Judge Trent, in Small v. Montgomery (C. C.), 23 Fed. 707, said: “All the United States circuit judges who have passed upon the question of late, as well as dicta by the Supreme Court of the United States in respect thereto, reach this result, viz, that where a party in good faith is brought within the jurisdiction of the State, or detained therein; being a nonresident, either as party to the suit, or as .witness in another suit, he is not subject to service. And the reason — the main reason — is very potential, so far as our country is concerned. There are many States, stretching from Maine to Oregon, and a man who is required to go from one to the other, either as a witness or as a party to a suit, should not be pursued by writ while abroad, instead of being sued at his own residence; otherwise every one, as is stated in many of these opinions, would avoid as far as possible being subjected thousands of miles away to suits of this character.” Atchison v. Morris (C. C.), 11 Fed. 582.
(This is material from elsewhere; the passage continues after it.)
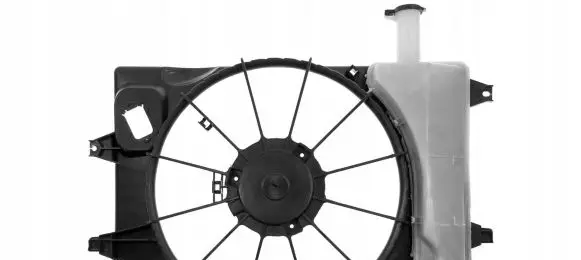 Hyundai i30 Radiator cooling fan shroud 25380F2000 25304F2090 25350F2000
Upon the same principle of justice, good faith, and comity, and to subserve the due administration of justice, it has been held that “a person who has been brought within the jurisdiction of a coupt from another State upon a requisition, as a fugitive from justice, and has been tried for or discharged as to the offense against him, is not subject to arrest on a civil process until a reasonable time and opportunity have been given him to return to the State from which he was taken.” Moletor v. Strinen (Wis.), 44 N. W. 1099, 7 L. R. A. 817, 20 Am. St. Rep. 71; Blair v. Turtle, 1 McCrary, 372, 5 Fed. 394; Compton v. Wilder, 40 Ohio St. 130; People v. Judge, 40 Mich. 630; Cannon's Case, 47 Mich. 482, 11 N. W. 280.

The appellee comes within the spirit of the rule which exempts persons from .service of civil process, and is entitled to its benefit. He is a nonresident of this State — a resident of the State of Tennessee — and was bound to attend the Garland Circuit Court, in this State, to avoid the forfeiture of his bond. He was also entitled' to attend as a witness in his own behalf. His attendance was compulsory. While in attendance in obedience to his bond, process in this case was served upon him. The service, on his motion, should be set aside. Murray v. *162 Wilcox (Iowa), 97 N. W. 1087, 101 Am. St. Rep. 263, 64 L. R. A. 534.

Judgment as to the service of process is affirmed, and in other respects is reversed.